Richard Feynman wrote in "QED" on page 19 the following which is similar to what you are describing but about photons reflecting or not off of a pane of glass:
Philosophers have said that if the same circumstances don't always produce the same results, predictions are impossible and science will collapse. Here is a circumstance--identical photons are always coming down in the same direction to the same piece of glass--that produces different results. We cannot predict whether a given photon will arrive at A or B. All we can predict is that out of 100 photons that come down, an average of 4 will be reflected by the front surface. Does that mean that physics, a science of great exactitude, has been reduced to calculating only the probability of an event, and not predicting exactly what will happen? Yes. That's a retreat, but that's the way it is: Nature permits us to calculate only probabilities. Yet science has not collapsed.
Note that this behavior is not deterministic for a single photon. Nor is the probability of reflecting off a pane of glass like a random toss of a coin (which would mean 50 out of 100 photons should reflect, not 4). If one defined the ability to make a choice as behavior that cannot be determined nor is uniformly random, then each photon could be described as making a choice. Whether the photon actually makes a choice or not is left to philosophers to argue.
If a photon could be interpreted as making a choice, we should be careful before assuming that we cannot make a choice.

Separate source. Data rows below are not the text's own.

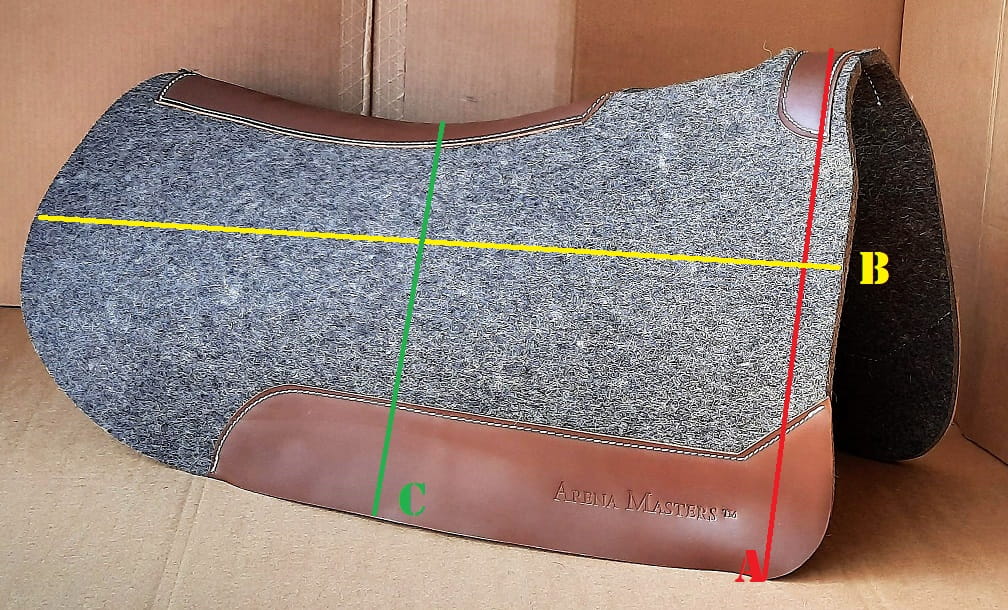Arena Masters Wollfilz Pad round 1/2"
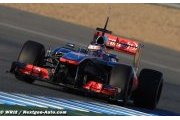 Jerez, jour 1 : Button débute l'année par un meilleur temps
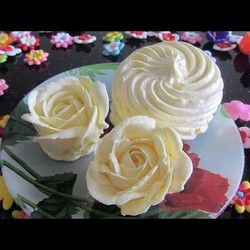 Лучший ШВЕЙЦАРСКИЙ КРЕМ для Торта МАСЛЯНЫЙ КРЕМ на БЕЛКАХ Швейцарская Меренга SWISS BUTTER CREAM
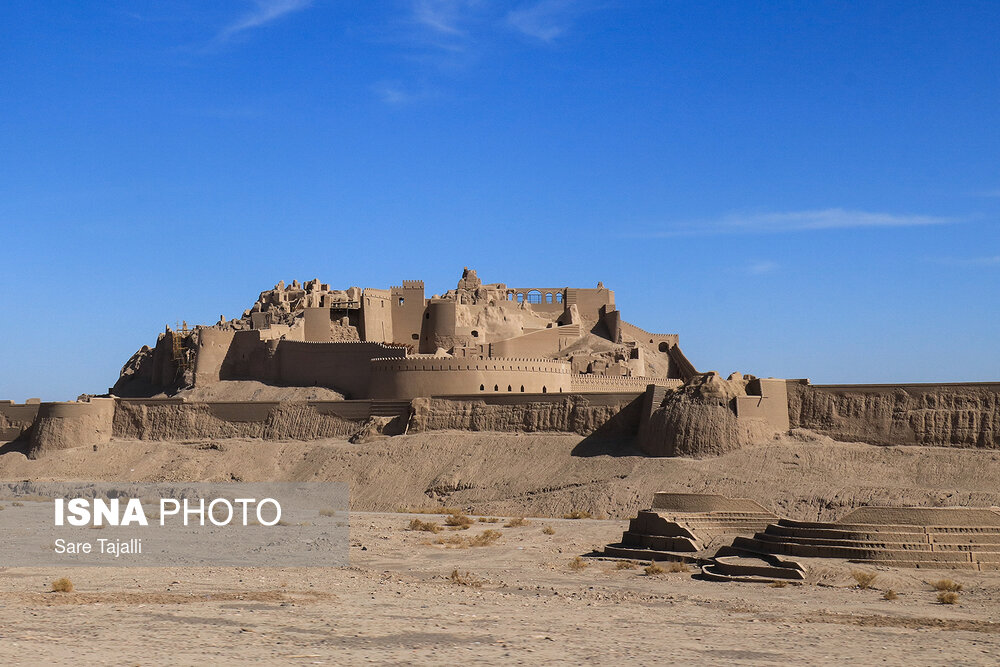 ارگ بم ۱۶ سال بعد زلزله‎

We fool ourselves because our models are simplifications of reality and they use mathematics which is deterministic. Those mathematical models we know must be incorrect because in those models we could go backward in time, but reality generally speaking does not go backward. The models give accurate predictions, but that does not mean that reality is the same as those models.
Here you are viewing yourself as an individual. It does matter what you think about reality because you influence the people around you. We are all members of various groups. We cannot isolate ourselves from all of these groups.